## Task input
§ §

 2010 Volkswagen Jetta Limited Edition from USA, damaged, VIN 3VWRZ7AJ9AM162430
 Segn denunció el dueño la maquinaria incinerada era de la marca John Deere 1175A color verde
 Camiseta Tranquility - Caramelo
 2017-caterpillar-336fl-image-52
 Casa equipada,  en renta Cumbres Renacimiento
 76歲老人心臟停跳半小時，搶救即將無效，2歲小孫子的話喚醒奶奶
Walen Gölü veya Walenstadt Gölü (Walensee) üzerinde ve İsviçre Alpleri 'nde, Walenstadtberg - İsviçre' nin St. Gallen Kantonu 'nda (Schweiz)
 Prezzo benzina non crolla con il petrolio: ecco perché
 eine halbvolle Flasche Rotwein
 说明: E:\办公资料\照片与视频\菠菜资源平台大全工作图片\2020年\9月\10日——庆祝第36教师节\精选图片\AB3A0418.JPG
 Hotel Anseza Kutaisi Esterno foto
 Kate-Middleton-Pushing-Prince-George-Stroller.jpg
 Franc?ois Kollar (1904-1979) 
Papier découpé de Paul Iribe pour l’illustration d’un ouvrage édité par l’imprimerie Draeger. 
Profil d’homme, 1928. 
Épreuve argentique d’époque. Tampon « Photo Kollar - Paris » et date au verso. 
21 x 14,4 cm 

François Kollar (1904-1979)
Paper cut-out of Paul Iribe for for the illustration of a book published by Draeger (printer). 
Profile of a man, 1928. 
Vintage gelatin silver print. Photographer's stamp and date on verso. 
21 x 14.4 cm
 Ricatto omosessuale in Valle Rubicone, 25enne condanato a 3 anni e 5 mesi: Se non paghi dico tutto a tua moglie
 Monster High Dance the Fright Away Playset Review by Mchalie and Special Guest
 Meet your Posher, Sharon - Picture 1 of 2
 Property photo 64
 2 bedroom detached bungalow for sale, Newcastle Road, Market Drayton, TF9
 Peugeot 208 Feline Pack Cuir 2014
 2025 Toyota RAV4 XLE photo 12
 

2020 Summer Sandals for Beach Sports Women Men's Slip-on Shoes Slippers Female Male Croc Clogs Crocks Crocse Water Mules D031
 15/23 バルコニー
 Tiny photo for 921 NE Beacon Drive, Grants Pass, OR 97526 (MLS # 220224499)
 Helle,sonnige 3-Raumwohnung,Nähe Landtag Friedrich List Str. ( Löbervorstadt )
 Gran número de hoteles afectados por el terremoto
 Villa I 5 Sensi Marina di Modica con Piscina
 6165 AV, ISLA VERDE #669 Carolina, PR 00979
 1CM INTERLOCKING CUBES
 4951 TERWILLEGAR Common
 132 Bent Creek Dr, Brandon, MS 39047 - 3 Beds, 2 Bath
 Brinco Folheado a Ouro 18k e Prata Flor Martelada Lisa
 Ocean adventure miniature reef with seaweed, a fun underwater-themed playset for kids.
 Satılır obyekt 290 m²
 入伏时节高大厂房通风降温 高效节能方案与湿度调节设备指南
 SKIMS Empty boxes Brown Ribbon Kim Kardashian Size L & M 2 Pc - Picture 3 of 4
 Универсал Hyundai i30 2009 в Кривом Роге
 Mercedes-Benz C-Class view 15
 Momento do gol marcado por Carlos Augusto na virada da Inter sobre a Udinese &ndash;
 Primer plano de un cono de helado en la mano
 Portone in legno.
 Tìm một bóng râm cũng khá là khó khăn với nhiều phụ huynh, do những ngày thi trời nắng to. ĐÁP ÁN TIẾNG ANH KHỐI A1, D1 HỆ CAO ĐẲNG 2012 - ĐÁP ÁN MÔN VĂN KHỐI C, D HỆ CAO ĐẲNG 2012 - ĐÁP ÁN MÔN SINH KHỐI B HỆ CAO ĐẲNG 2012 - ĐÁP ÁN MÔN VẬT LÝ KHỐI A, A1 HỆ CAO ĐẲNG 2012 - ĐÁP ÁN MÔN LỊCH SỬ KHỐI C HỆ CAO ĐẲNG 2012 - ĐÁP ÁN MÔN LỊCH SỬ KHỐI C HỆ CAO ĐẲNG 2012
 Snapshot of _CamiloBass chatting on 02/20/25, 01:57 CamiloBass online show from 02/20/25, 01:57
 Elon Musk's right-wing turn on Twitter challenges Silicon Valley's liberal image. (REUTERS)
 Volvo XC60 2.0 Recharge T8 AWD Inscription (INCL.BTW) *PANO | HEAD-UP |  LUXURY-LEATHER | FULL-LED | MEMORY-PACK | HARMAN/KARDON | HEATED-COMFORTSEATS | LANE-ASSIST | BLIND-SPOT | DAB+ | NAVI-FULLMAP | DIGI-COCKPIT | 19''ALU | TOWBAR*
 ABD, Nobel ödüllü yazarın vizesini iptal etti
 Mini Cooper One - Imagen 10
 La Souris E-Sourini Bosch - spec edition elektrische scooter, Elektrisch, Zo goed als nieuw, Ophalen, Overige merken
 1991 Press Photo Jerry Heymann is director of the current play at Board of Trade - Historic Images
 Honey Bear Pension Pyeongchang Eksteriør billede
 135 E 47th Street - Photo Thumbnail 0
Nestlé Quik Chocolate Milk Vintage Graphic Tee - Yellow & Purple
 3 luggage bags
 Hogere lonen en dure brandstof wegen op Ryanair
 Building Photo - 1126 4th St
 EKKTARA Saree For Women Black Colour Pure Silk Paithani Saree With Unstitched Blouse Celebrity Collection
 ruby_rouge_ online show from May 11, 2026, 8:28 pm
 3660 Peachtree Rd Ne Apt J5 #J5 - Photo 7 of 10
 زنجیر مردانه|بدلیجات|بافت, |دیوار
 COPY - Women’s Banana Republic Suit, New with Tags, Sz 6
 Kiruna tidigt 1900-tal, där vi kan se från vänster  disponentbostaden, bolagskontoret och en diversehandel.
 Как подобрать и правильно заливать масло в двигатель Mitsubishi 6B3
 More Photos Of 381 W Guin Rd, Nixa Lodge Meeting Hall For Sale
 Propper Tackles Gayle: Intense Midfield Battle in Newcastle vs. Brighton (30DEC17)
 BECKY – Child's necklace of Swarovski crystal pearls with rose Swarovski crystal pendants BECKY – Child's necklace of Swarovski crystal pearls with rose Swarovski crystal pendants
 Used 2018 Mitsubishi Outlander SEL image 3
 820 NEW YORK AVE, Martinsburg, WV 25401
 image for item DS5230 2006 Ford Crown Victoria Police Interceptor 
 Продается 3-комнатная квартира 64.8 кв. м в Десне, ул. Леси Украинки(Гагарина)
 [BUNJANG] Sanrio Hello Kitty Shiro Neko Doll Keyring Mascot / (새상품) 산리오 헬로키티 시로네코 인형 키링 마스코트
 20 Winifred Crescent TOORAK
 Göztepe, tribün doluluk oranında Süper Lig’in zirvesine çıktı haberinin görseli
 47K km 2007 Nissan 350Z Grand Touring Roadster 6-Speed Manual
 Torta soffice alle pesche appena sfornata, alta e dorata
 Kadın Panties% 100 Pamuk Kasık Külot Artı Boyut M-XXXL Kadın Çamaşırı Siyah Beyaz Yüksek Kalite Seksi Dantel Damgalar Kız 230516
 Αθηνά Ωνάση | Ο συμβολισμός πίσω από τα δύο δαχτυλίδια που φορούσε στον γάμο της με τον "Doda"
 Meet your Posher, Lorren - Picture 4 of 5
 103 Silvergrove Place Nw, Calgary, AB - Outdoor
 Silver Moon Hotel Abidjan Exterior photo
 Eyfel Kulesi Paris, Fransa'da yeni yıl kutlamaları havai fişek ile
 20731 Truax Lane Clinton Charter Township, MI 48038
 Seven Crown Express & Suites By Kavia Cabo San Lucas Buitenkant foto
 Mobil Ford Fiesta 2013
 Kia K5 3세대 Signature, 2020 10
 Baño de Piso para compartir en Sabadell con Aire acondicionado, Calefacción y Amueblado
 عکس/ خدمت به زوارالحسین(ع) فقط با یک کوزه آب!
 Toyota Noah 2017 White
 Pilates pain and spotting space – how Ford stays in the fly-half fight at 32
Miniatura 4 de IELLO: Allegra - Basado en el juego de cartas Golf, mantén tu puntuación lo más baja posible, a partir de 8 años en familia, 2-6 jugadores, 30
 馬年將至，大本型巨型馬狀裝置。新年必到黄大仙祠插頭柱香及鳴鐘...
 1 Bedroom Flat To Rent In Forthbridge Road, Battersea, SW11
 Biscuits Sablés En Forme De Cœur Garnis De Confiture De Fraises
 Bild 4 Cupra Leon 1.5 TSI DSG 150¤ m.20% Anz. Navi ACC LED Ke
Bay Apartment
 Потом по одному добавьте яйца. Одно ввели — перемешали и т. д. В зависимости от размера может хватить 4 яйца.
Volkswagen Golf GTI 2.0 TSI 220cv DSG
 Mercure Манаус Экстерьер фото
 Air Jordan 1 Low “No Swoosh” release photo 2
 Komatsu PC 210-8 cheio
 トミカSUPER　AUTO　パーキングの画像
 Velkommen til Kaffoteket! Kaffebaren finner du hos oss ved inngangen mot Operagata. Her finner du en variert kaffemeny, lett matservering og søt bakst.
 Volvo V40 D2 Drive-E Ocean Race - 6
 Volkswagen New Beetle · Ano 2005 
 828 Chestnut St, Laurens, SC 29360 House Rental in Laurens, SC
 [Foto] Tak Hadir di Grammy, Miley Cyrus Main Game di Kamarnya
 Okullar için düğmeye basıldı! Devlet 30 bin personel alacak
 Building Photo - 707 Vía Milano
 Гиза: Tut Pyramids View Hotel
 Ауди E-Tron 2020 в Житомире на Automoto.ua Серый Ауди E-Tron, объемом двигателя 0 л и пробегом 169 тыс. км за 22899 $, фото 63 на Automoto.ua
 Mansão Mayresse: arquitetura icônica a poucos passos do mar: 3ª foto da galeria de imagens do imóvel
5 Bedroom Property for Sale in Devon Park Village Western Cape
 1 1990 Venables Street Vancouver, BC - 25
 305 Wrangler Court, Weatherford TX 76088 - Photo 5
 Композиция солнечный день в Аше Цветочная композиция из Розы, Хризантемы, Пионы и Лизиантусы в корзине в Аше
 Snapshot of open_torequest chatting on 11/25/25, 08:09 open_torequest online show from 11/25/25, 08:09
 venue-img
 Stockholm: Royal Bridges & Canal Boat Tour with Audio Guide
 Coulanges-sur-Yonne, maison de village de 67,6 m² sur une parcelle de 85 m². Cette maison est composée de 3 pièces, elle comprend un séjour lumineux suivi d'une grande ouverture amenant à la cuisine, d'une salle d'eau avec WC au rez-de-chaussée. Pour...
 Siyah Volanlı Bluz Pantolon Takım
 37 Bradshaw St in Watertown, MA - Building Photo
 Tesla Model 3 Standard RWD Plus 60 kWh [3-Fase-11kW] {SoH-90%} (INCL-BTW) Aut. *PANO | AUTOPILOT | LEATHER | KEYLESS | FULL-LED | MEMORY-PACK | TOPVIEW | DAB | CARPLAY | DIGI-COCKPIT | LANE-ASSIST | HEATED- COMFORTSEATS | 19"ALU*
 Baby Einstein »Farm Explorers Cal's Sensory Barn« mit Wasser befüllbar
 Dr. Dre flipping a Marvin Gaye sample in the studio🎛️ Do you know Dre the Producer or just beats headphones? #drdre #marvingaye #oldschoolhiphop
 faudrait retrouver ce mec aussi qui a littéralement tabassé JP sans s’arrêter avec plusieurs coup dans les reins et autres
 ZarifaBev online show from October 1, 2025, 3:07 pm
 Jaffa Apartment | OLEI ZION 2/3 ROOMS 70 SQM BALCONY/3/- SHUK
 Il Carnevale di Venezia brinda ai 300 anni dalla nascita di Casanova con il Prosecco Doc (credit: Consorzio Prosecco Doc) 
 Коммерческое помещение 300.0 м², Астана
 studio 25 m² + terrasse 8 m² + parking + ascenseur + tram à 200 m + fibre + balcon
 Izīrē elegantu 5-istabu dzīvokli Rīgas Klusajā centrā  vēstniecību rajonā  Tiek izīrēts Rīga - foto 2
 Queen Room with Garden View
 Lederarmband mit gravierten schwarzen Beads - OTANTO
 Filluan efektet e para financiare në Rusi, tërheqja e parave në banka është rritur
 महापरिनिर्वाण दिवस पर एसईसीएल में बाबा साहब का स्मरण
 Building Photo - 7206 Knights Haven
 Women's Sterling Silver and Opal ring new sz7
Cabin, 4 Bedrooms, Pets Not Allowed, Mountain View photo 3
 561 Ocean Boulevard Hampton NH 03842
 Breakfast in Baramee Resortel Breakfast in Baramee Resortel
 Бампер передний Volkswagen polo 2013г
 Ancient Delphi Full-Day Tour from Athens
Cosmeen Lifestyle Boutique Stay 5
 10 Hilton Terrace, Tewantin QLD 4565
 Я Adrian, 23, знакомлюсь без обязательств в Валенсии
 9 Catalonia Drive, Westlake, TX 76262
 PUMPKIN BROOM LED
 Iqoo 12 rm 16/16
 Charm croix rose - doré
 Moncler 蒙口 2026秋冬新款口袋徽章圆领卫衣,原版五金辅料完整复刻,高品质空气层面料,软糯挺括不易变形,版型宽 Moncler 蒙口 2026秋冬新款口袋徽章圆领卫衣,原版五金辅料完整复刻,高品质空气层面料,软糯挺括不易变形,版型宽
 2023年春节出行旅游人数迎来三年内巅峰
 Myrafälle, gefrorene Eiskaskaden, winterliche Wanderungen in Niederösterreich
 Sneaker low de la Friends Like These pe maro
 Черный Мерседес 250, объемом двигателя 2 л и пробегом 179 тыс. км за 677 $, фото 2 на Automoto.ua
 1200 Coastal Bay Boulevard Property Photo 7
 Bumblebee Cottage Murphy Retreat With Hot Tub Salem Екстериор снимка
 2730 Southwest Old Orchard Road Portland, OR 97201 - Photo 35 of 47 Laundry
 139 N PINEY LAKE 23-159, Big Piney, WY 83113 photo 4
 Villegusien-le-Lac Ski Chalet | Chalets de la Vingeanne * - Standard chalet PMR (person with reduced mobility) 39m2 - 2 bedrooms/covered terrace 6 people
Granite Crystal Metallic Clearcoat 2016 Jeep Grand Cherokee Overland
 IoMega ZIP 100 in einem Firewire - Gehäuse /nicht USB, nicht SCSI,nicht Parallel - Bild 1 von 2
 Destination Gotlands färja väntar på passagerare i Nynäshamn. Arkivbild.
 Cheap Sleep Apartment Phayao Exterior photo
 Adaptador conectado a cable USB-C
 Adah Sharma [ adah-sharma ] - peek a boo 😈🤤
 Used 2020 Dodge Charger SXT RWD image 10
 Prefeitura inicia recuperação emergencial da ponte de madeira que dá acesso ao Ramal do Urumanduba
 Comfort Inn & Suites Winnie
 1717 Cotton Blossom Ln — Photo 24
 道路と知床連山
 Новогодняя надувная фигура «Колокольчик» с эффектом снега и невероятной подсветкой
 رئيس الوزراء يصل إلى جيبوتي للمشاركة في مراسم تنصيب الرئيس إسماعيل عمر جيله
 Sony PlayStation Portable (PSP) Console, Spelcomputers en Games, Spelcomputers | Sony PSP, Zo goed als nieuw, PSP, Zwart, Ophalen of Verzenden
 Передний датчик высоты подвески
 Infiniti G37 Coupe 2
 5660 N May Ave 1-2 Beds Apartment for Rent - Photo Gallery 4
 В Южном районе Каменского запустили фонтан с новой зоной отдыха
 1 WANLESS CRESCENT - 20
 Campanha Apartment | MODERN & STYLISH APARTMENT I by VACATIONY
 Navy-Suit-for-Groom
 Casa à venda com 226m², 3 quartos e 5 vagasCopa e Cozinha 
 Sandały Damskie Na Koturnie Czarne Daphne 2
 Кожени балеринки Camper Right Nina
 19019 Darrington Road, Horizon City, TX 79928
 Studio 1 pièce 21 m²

§ §

## Your assignment
Write down again the exact lines running from the beginning of the data to the line containing "Franc?ois Kollar (1904-1979)", with both ends included.

## Task result
 2010 Volkswagen Jetta Limited Edition from USA, damaged, VIN 3VWRZ7AJ9AM162430
 Segn denunció el dueño la maquinaria incinerada era de la marca John Deere 1175A color verde
 Camiseta Tranquility - Caramelo
 2017-caterpillar-336fl-image-52
 Casa equipada,  en renta Cumbres Renacimiento
 76歲老人心臟停跳半小時，搶救即將無效，2歲小孫子的話喚醒奶奶
Walen Gölü veya Walenstadt Gölü (Walensee) üzerinde ve İsviçre Alpleri 'nde, Walenstadtberg - İsviçre' nin St. Gallen Kantonu 'nda (Schweiz)
 Prezzo benzina non crolla con il petrolio: ecco perché
 eine halbvolle Flasche Rotwein
 说明: E:\办公资料\照片与视频\菠菜资源平台大全工作图片\2020年\9月\10日——庆祝第36教师节\精选图片\AB3A0418.JPG
 Hotel Anseza Kutaisi Esterno foto
 Kate-Middleton-Pushing-Prince-George-Stroller.jpg
 Franc?ois Kollar (1904-1979) 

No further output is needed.